# How to generate different combinations of MSA

## Prerequisite
- HHBLITS should be installed. https://github.com/soedinglab/hh-suite/blob/master/README.md has the instructions.
    - uniclust30_2018_08 was used as the protein database
- Jackhmmer should be installed. http://hmmer.org/ is the source for this tool.
    - uniref90 was used as the protein database

## 1. Run HHBLITS to generate 4 sets of combination
```
[
	{'e': '0.0001', 'cov': '70', 'n': '3'},
	{'e': '0.001', 'cov': '40', 'n': '3'},
	{'e': '0.1', 'cov': '50', 'n': '3'},
	{'e': '10', 'cov': '30', 'n': '1'}
]
```
```
python3 generate_alignments.py <comma_seperated_list_of_ids>
```

## 2. Run Jackhmmer to generate 5th set
```
bash run_jackhmmer.sh <file_list>

OR,

./run_jackhmmer.sh <file_list>

Note: file_list should be a text file of target IDs
```

While generating MSAs, the first four combinations from HHBLITS are saved in the folders indexed from 1 to 4 (eg: index_1, index_2),
and the fifth combination from Jackhmmer is saved in folder indexed as 5 (index_5)

# How to train

## 1. Generate trRosetta prediction

Use the `generate_trRosetta_prediction.py` to generate two prediction files: `.npz` and `.npy` file

Command:
```
python3 generate_trRosetta_prediction.py <msa_path> <target_npz_path> <target_npy_path>
```
Here the first argument is a source file to the script which is an MSA file, and the remaining two arguments are for the output of the prediction.

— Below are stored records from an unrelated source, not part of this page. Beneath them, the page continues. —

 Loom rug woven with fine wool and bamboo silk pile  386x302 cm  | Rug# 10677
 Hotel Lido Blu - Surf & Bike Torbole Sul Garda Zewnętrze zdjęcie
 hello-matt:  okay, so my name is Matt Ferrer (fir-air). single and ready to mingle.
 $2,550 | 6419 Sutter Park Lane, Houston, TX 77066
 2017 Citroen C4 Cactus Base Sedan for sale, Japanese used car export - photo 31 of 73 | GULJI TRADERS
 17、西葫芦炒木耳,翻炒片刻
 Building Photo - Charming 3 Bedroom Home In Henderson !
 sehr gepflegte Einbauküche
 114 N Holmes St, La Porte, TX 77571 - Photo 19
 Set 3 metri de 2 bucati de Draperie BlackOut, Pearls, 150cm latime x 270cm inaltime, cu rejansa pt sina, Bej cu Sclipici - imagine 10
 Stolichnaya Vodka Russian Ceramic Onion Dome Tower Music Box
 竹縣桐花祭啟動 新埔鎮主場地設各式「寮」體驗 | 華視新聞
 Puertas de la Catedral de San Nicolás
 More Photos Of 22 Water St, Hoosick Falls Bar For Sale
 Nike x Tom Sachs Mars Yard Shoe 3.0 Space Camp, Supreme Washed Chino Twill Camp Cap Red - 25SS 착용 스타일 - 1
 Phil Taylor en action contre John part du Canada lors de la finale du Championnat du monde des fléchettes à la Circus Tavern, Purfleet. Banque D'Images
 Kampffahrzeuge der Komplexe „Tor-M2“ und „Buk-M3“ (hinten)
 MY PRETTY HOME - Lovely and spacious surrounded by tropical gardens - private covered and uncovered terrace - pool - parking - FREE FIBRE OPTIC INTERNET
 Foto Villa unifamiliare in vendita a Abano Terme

Similar to MSA generation, save the predicted files in their respective indexed folder for future reference during training.

## 2. Train the model

Train using `train.py` file

```
python3 train.py
```

Note:
Inside `train.py` change the path of the `features_dir` according to your path. Check each location carefully before training.

`training_pdb.lst` contains the ids of the proteins which are training proteins set
`validation_pdb.lst` contains the ids of the proteins which are validation proteins set

`training_pdb_ext.lst` and `validation_pdb_ext.lst` are the list of protein ids with 5 indices attached with their target name which are used in training and validation respectively.